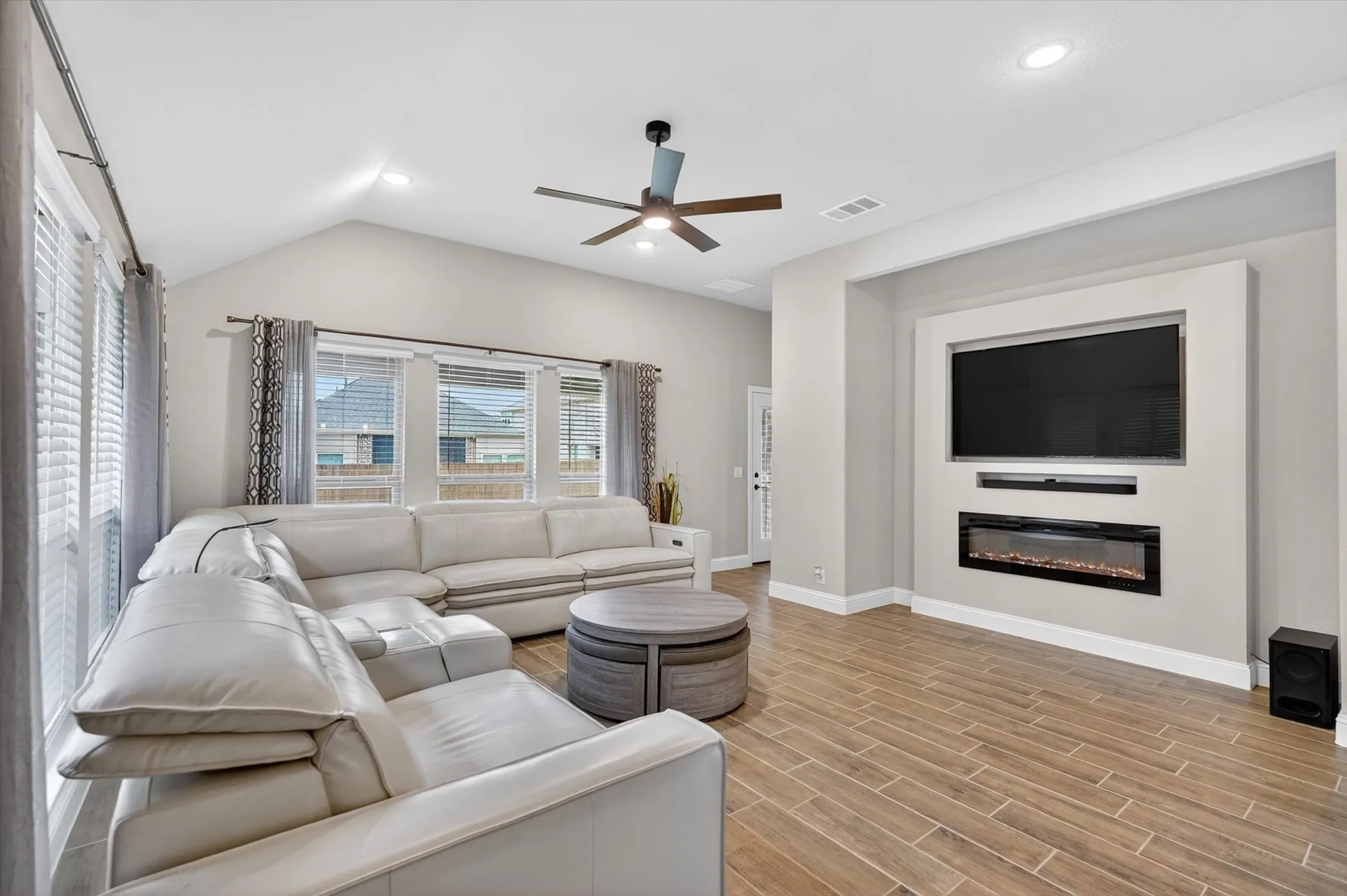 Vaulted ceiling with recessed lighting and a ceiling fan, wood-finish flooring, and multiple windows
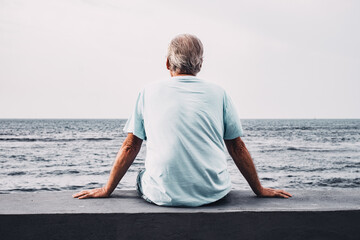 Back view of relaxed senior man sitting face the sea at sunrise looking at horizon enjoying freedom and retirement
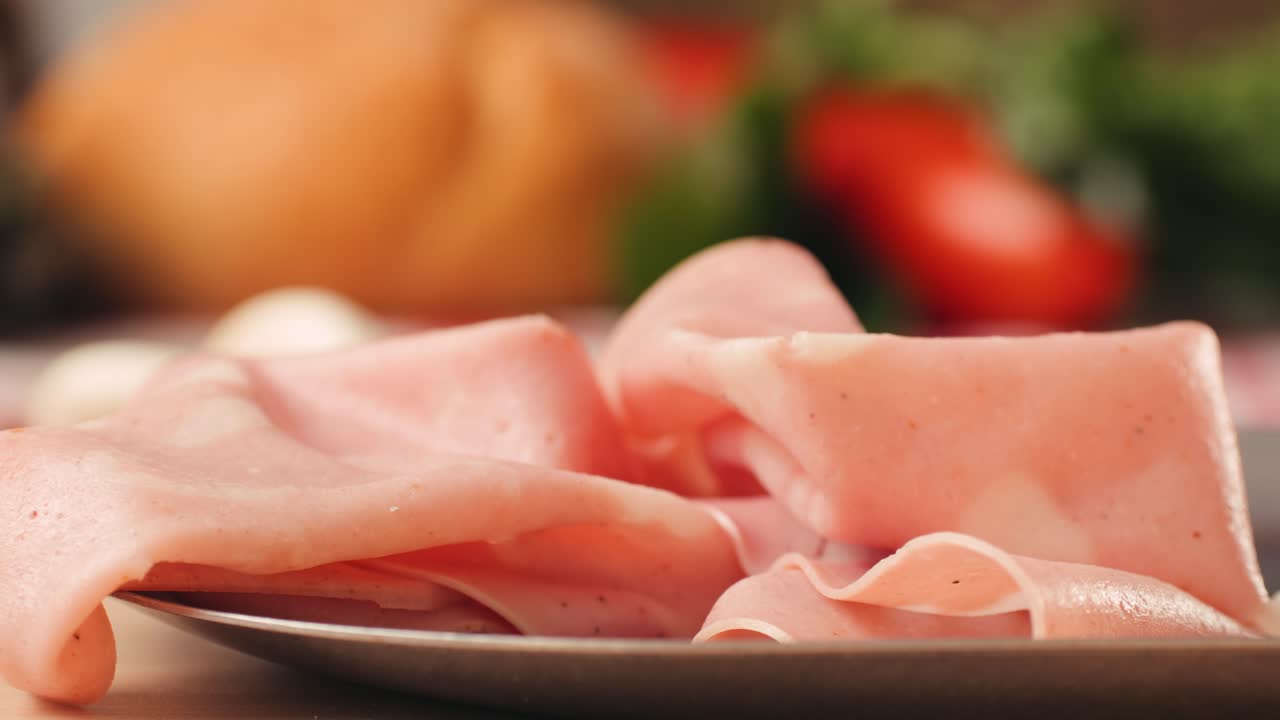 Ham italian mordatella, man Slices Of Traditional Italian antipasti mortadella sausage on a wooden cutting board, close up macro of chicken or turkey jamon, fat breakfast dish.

^^^^^^^^

Problem requirements
The expected result is the complete listing above, printed exactly, with no pictures.

Result for this exercise
 Vaulted ceiling with recessed lighting and a ceiling fan, wood-finish flooring, and multiple windows
 Back view of relaxed senior man sitting face the sea at sunrise looking at horizon enjoying freedom and retirement
 Ham italian mordatella, man Slices Of Traditional Italian antipasti mortadella sausage on a wooden cutting board, close up macro of chicken or turkey jamon, fat breakfast dish.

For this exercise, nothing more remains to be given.